**Description of the task**
With the pictures removed, the data below must be transcribed in full and exactly.

**Supplied material**
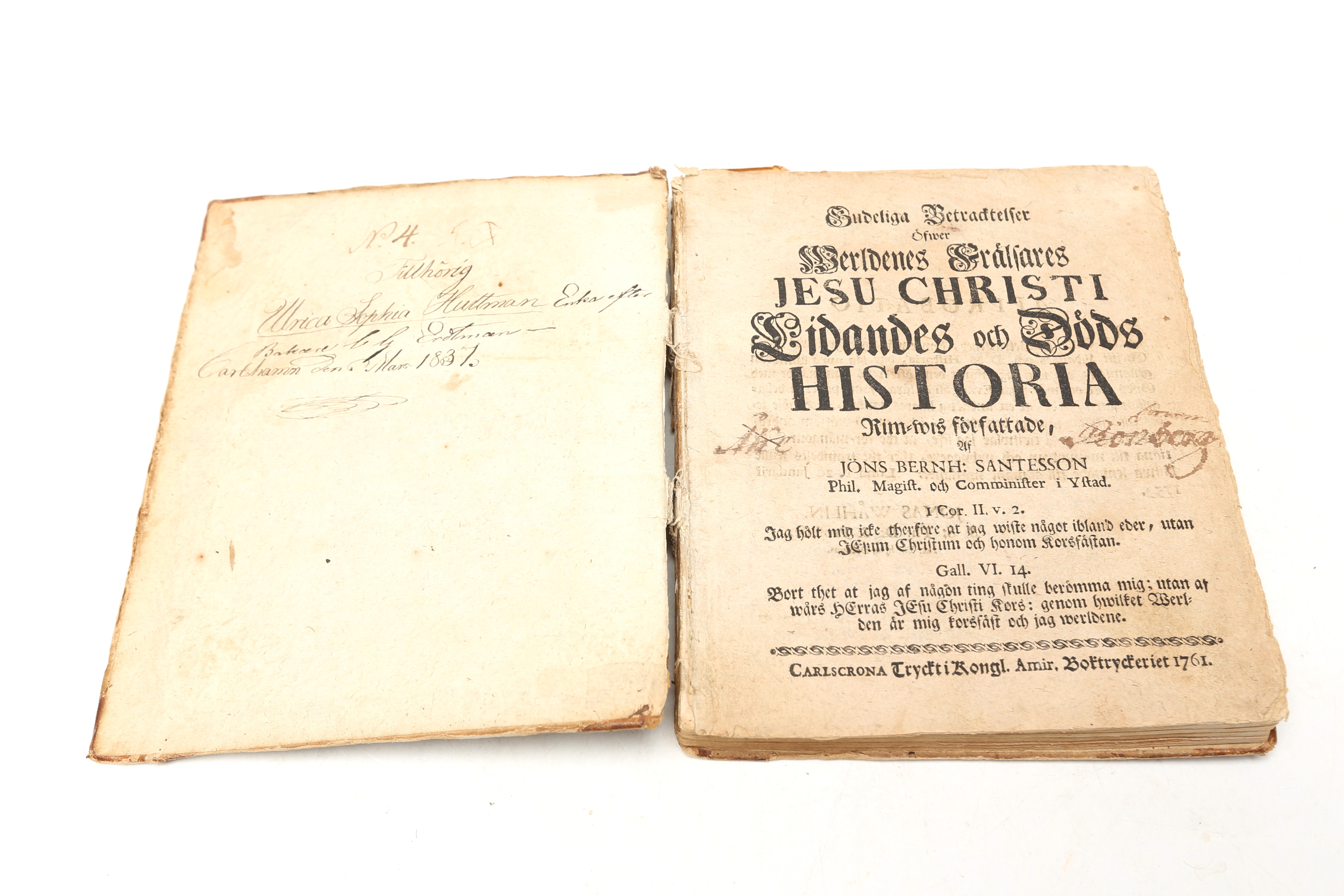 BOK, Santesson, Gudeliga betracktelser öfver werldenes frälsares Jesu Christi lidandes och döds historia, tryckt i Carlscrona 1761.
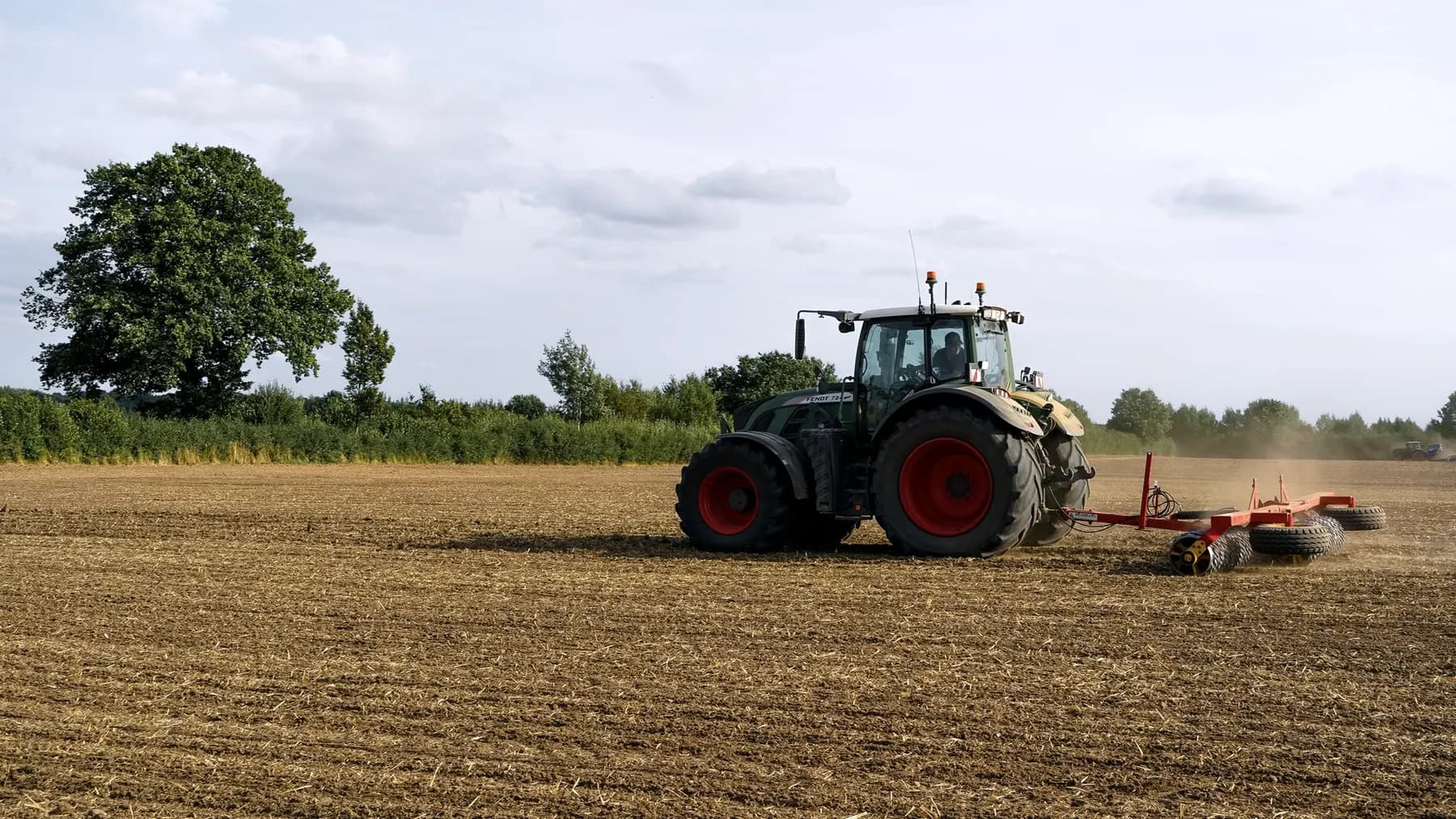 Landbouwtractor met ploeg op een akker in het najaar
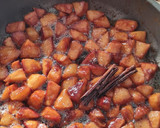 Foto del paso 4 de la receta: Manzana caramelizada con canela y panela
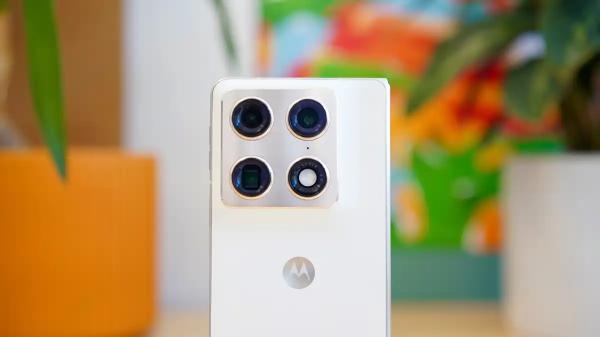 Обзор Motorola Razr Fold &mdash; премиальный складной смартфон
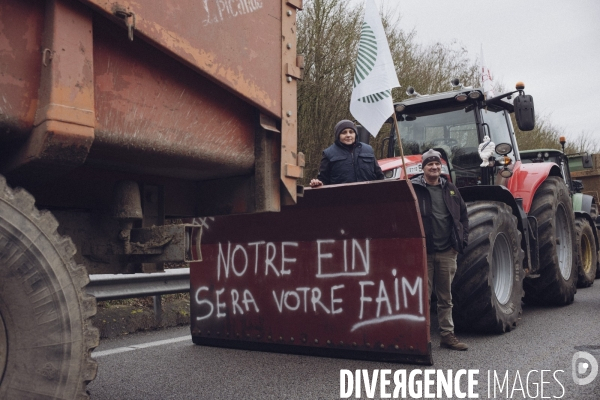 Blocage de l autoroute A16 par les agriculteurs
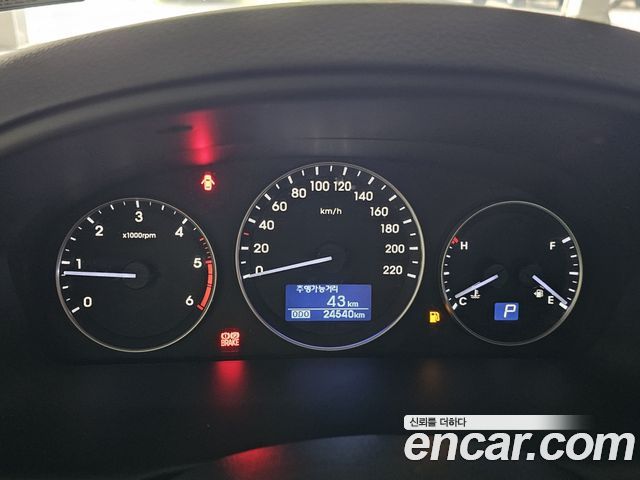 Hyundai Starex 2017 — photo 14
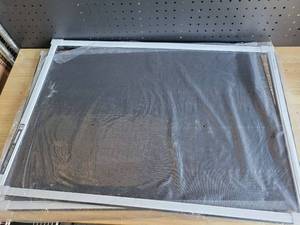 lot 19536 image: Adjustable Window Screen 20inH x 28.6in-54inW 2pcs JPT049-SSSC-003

**Task output**
 BOK, Santesson, Gudeliga betracktelser öfver werldenes frälsares Jesu Christi lidandes och döds historia, tryckt i Carlscrona 1761.
 Landbouwtractor met ploeg op een akker in het najaar
 Foto del paso 4 de la receta: Manzana caramelizada con canela y panela
 Обзор Motorola Razr Fold &mdash; премиальный складной смартфон
 Blocage de l autoroute A16 par les agriculteurs
 Hyundai Starex 2017 — photo 14
 lot 19536 image: Adjustable Window Screen 20inH x 28.6in-54inW 2pcs JPT049-SSSC-003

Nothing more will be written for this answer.